Exercise goal>
Will you return, word for word, only the lines from the top of the data below down to and including the one with "Western blot - Anti-Plasminogen"?

Dataset>
::::
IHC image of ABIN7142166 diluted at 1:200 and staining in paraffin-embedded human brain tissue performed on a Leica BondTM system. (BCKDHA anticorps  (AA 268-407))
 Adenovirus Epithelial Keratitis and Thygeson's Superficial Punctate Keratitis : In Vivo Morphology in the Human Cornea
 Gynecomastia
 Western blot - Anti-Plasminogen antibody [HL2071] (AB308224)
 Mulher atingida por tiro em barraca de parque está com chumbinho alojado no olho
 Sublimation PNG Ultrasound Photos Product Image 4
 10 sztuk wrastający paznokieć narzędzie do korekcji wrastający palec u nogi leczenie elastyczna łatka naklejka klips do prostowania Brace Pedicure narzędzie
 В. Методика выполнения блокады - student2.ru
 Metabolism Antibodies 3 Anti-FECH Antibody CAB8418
::::
Solved problem>
IHC image of ABIN7142166 diluted at 1:200 and staining in paraffin-embedded human brain tissue performed on a Leica BondTM system. (BCKDHA anticorps  (AA 268-407))
 Adenovirus Epithelial Keratitis and Thygeson's Superficial Punctate Keratitis : In Vivo Morphology in the Human Cornea
 Gynecomastia
 Western blot - Anti-Plasminogen antibody [HL2071] (AB308224)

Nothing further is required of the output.